These present day villages could help ease the challenge of caring for a rapidly aging population. Surveys show that three quarters of today’s seniors would rather spend their declining years in their own homes, not in a nursing or other retirement home. With the 65 plus population growing at a rate of about 1.7 million every year, the country simply doesn’t have enough of these facilities to care for the looming surge of aging Boomers.

An Old-Fashioned Idea Made Modern

The village concept is old-fashioned and straightforward: Neighbors help neighbors, much as it used to be when towns and communities were small and well defined and everyone knew everyone else.

Adopting this old-fashioned idea, the first formal village was formed in 2001 in the Beacon Hill area of Boston where about a dozen long-time neighbors decided they wanted to remain in their own homes instead of going to an old-age home. They also didn’t want to burden their children or anyone else, even when household chores and transportation became a challenge.

As a solution, they started an organization, a virtual retirement community that would help members with the kinds of services they needed to remain in their homes.

The organization grew slowly as members learned through trial and error what worked and what didn’t. Several years later, after the New York Times published an article on the Beacon Hill organization, other groups picked up the idea and the village movement spread, aided by a how-to-manual based on their experiences produced by members of the original Beacon Hill village.

A Fast-Growing Movement

The village movement grew so quickly that by mid-2015 the Village-to-Village Network, formed to keep track of and assist the new movement, listed more than 200 villages, not including those that were still being organized and developed.

Each village serves a defined area and in most villages, members pay an annual fee, which varies depending on how the village is organized, but averages about $600 a year.
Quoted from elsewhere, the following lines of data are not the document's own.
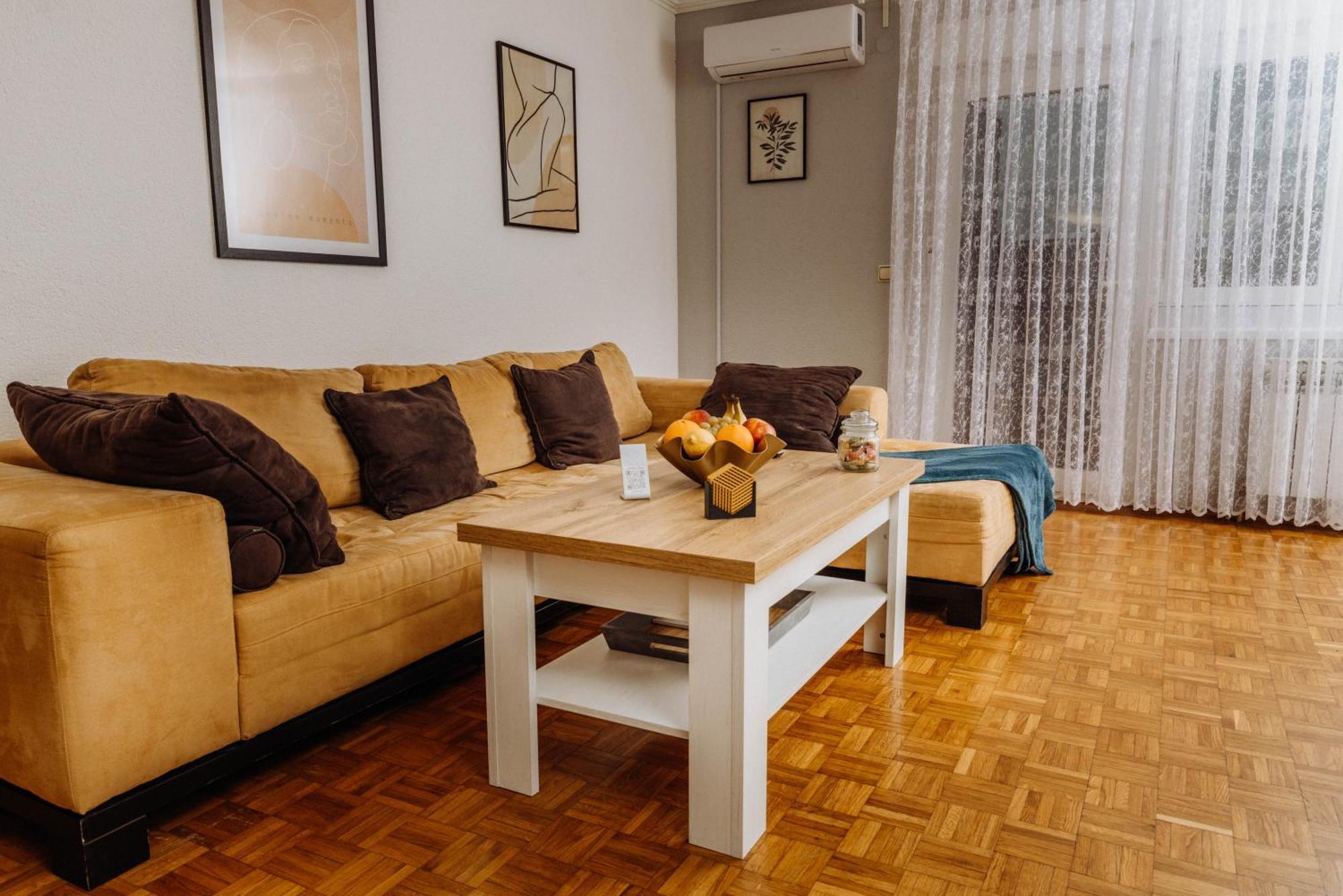Apartman Tihana Vinkovci Exteriör bild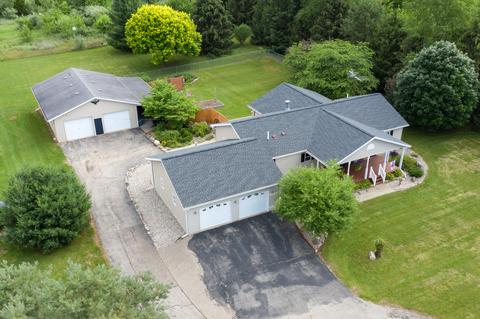 679 M-89, Plainwell, MI 49080 photo 45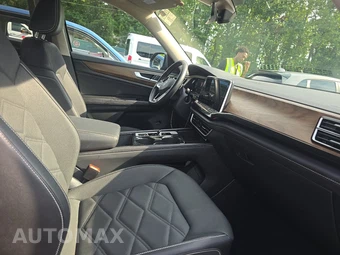 2025 Volkswagen Atlas 2.0T SE w/Technology - miniatura 8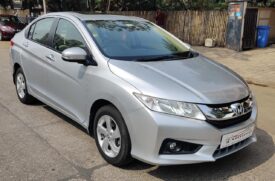 Honda City 1.5 VX CVT (IVTEC) with Sunroof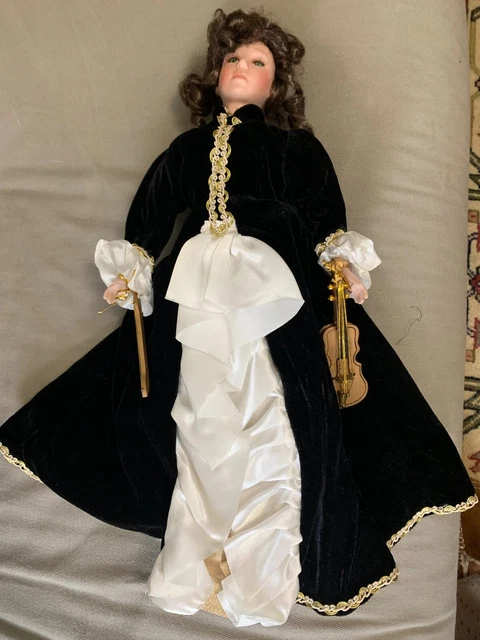 Heritage Signature Collection LYRA Porcelain Doll With Box Plays Music  #12445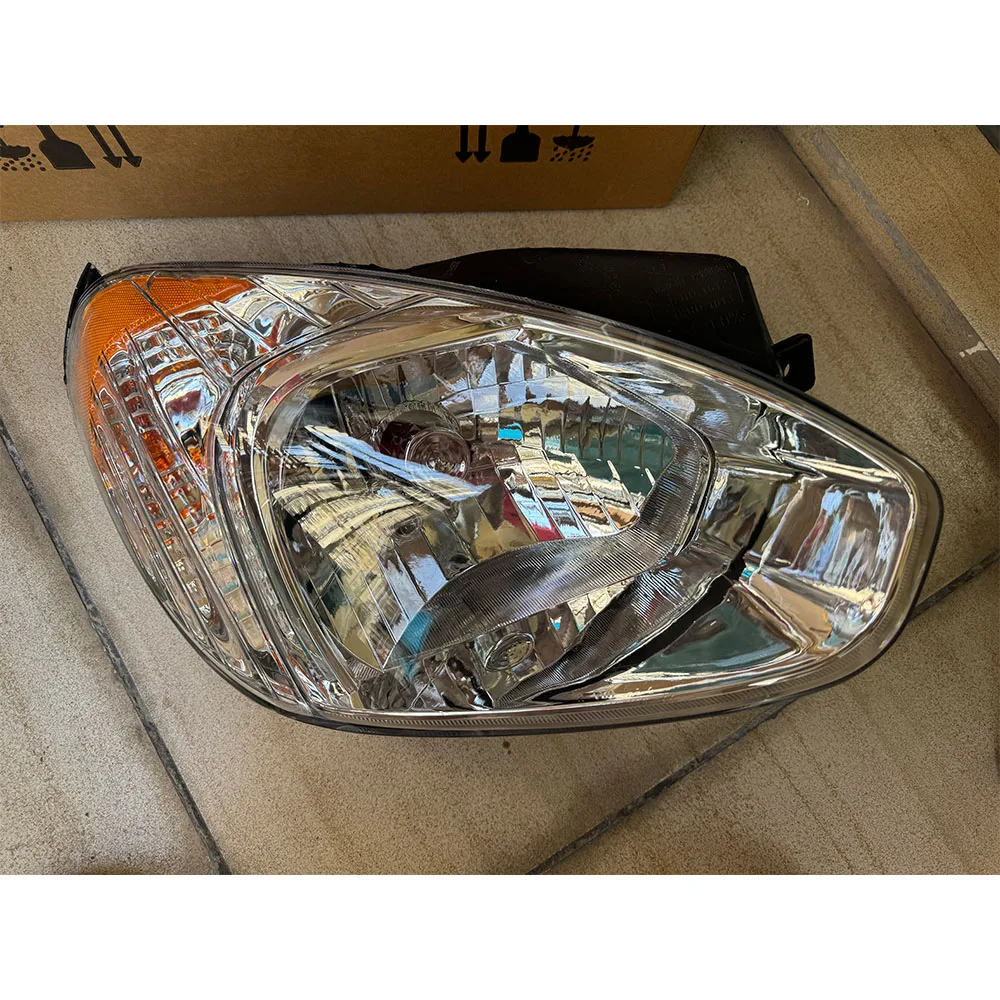 Reflektory Zespół lamp dla 2006-2011 Hyundai Accent 92102-1E011 Para — zdjęcie 6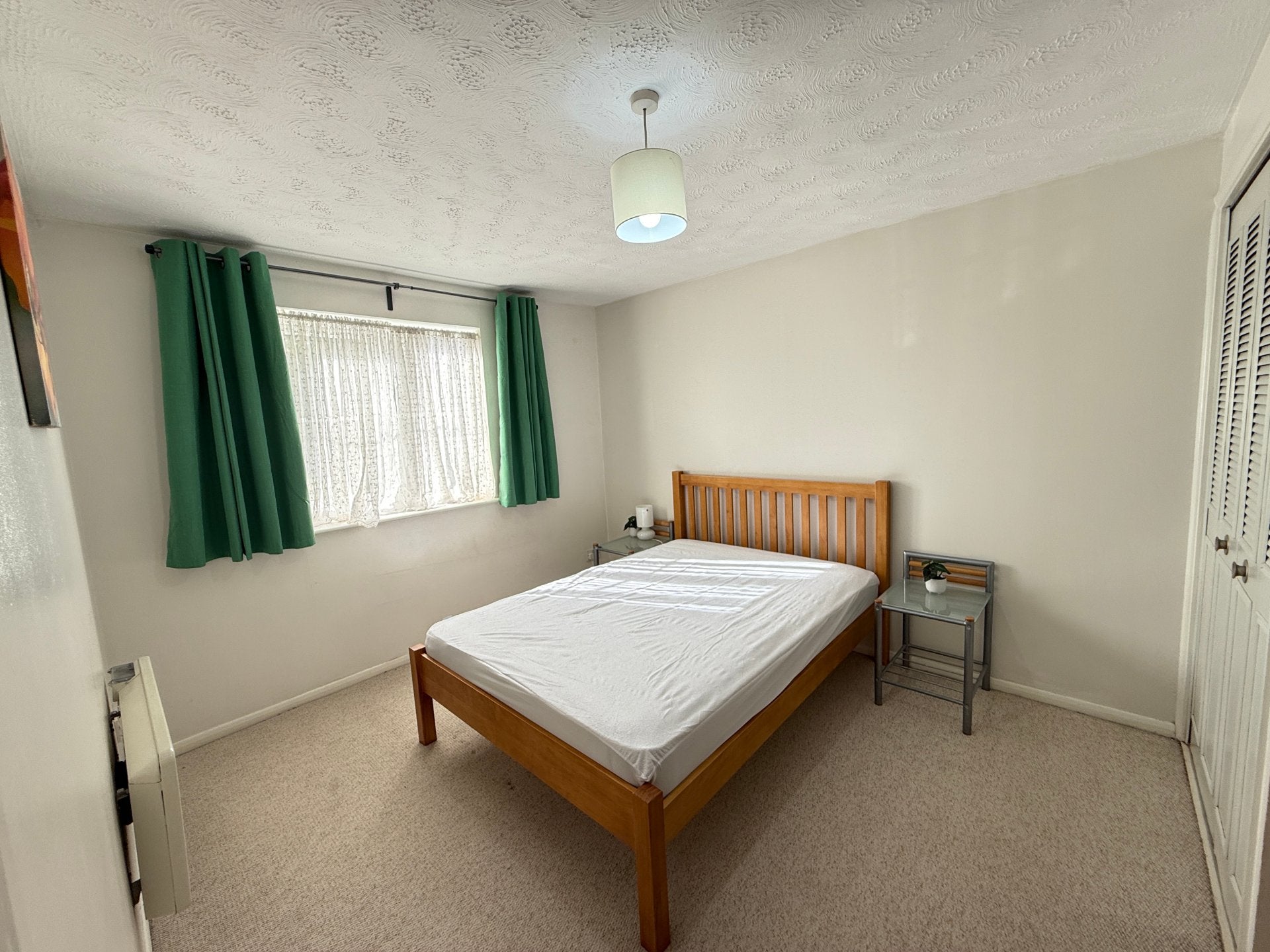 Flat Elmore Close in Greater London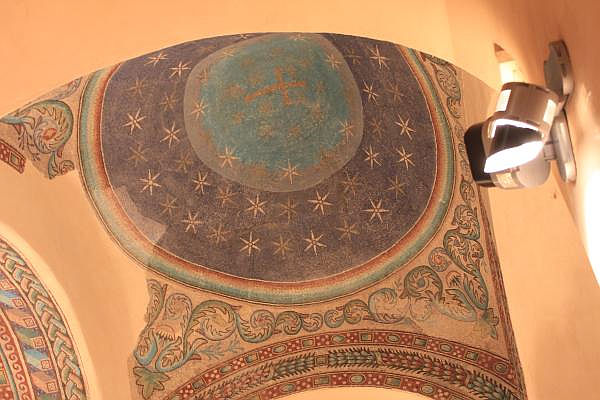 Visita guidata a Casarano mosaico della chiesa di Casaranello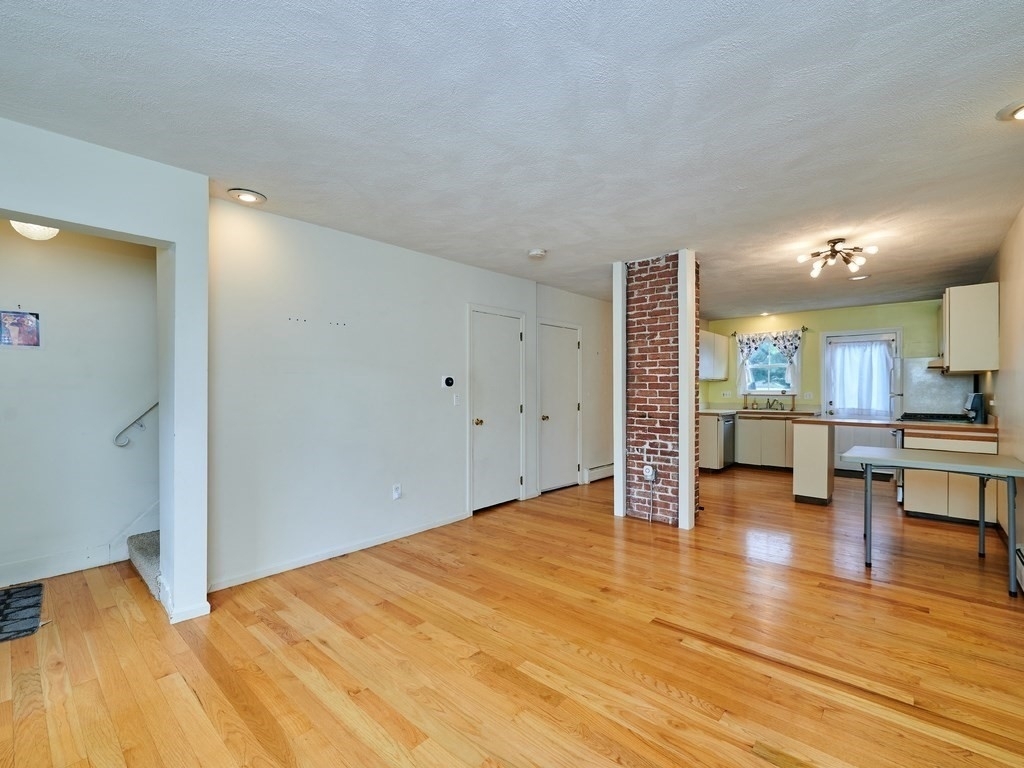 47 Park St - Photo 1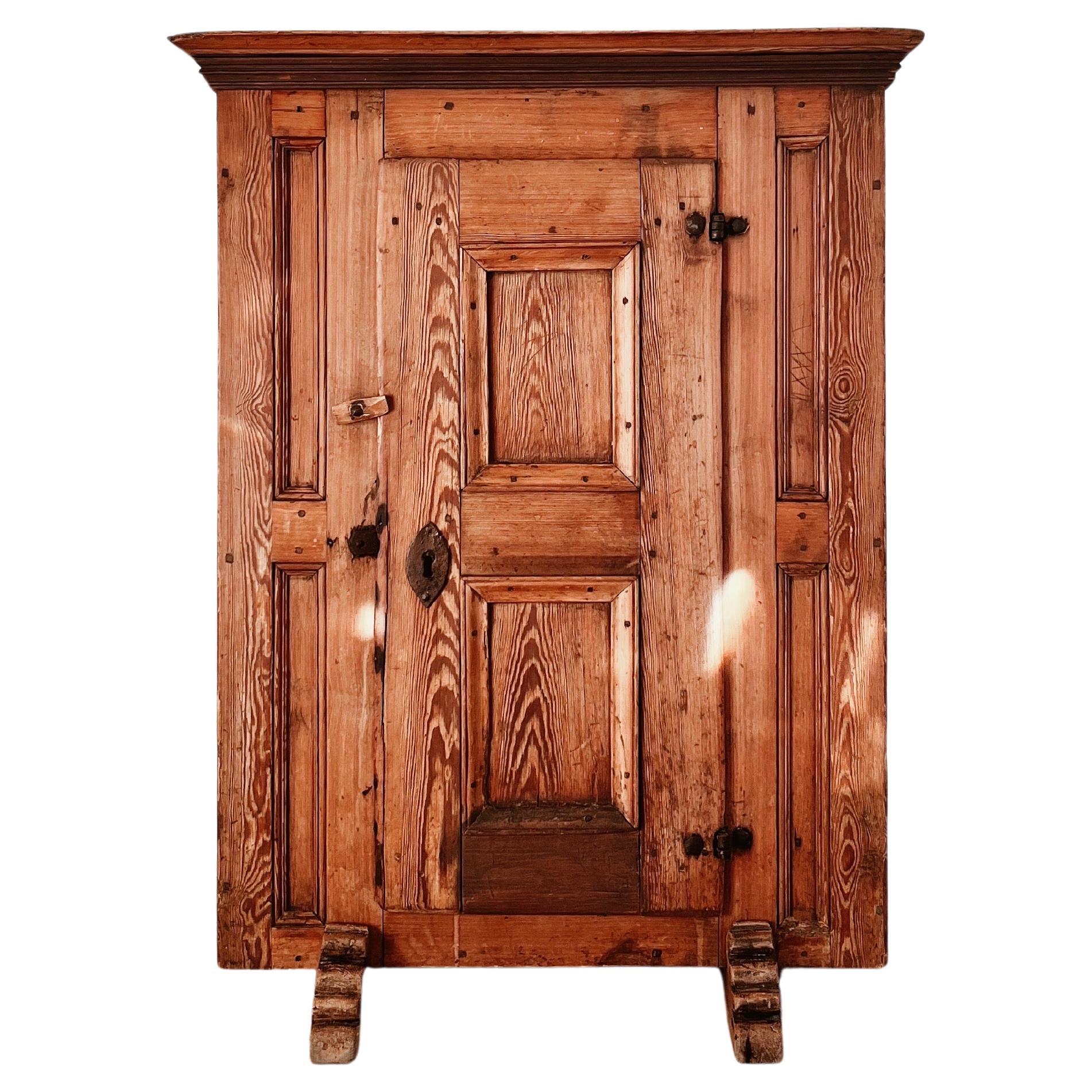 Armadio popolare danese barocco del XVII secolo in pino patinato con dettagli in ferro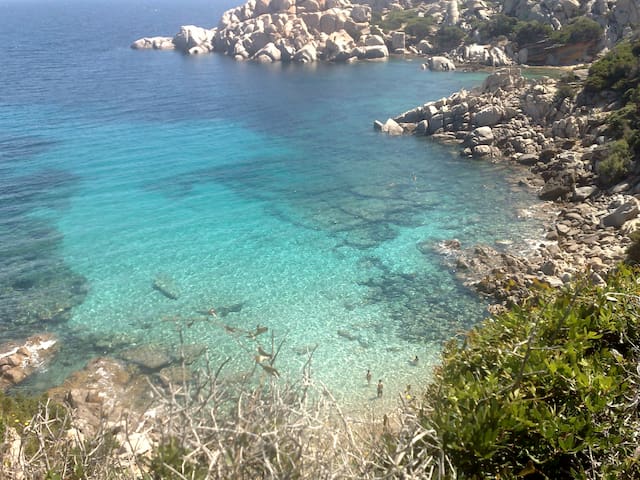 Costa Paradiso的民宿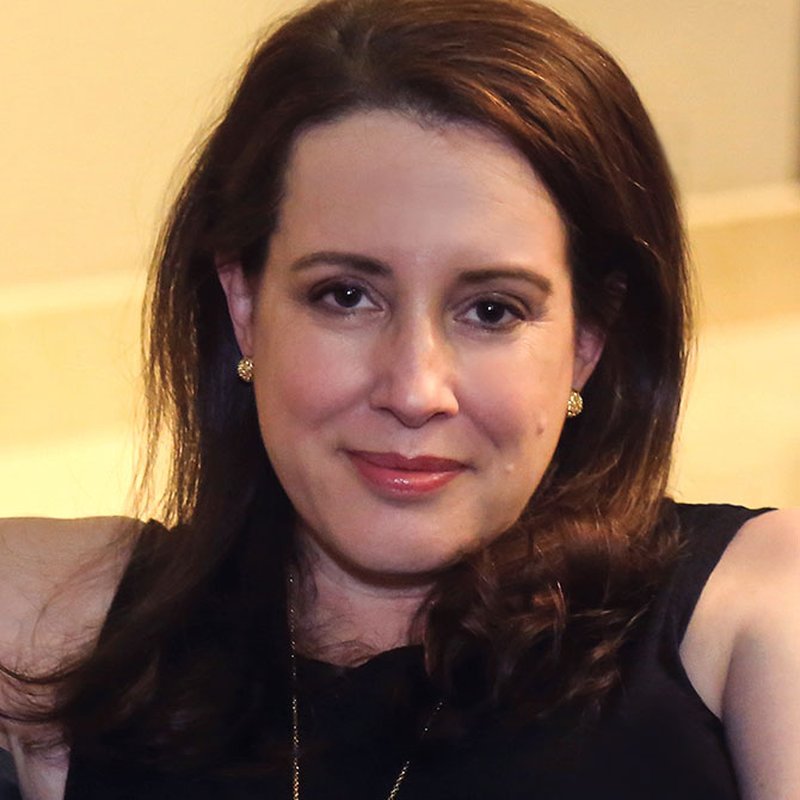 Bridgerton-författaren: ”Alla älskar känslan av att bli förälskad”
In return members receive services such as transportation, home maintenance, shopping, and yard work, much provided by volunteers.

Most villages have one or two paid employees who design programs and solicit help from volunteers, who may include able-bodied village members, younger neighbors, and youths doing community service. The paid employees serve as “navigators” and can help members set up appointments and see that they have transportation, when needed, but also organize special events and outings.

Too, most villages provide members with lists of pre-approved home maintenance contactors, many of whom agree to provide services at a discount. Some villages also schedule cultural events, trips to museums, movies and concerts, offer exercise classes and schedule potlucks and other opportunities for socialization.

Spreading Beyond Neighborhoods

Though villages began in an urban neighborhood where neighborhoods are easily defined, the concept has spread to the suburbs and even rural areas as seniors see the need to help and check on each other and also want to help others when able.

A 2012 study by Rutgers University showed village membership ranged from 13 to 550, with an average of 96 members, most of them 65 years and older, female and white. The survey also showed that one-quarter of the members had received help with household chores and 14 percent assistance with personal care.

The Rutgers study also showed that three-quarters of the villages were self-governing, free standing organizations and that, in addition to a paid staff member, most relied on volunteers. Almost all had an advisory group and provided members with a list of preferred providers.

The village experience, to date, documents that the blend of volunteer and paid help provides village members with the same kinds of services available in a retirement community and, as the village concept spreads, that may be enough to keep growing numbers of seniors in their own homes so that they can “age in place.”